2. Merit Promotion for Everyone at EPA
The Issue: The Agency refuses to allow merit to govern promotions of attorneys or to apply its own merit promotion policy to them.
Why it matters: The Agency is failing to ensure fair and open competition attorney promotions under the Master Collective Bargaining Agreement (MCBA).
This is a fairness issue: Lack of competition in attorney promotions risks arbitrary action and personal favoritism.
This is a DEIA issue: Failure to compete all promotions allows implicit bias to influence promotion selections, a documented Agency problem.
This is a vulnerability issue: The absence of free and fair competition invites corruption.
This is a morale issue: There is less motivation by employees for excellence if advancement does not depend on merit.
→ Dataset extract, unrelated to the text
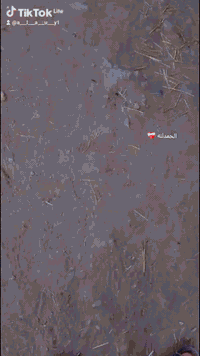 سلام عليكم سياره كيه بريجو للبيع مكينه وگير واكسن مشروطات شواصي 4 بلاد بور جديد باتري جديد سلف جديد  تخم تاير شاشه بيهه تاب  حداديه نضيفه مديل 97 راعيهه بل حله الأستفسار ***********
What Can Be Done: At the bargaining table, AFGE is proposing to include merit promotions attorneys in the current collective bargaining with the Agency, eliminating non-competed promotions.
We think promotions at EPA should be fair and based on the hard work we actually do. At the bargaining table, we ask you to recognize that our expertise is desperately needed in the moment and is tied our common goal of a healthy and productive nation.
Thank you for your vocal support of the EPA workforce. We commend you for your efforts to shape the EPA workforce to meet the demands of the climate crisis.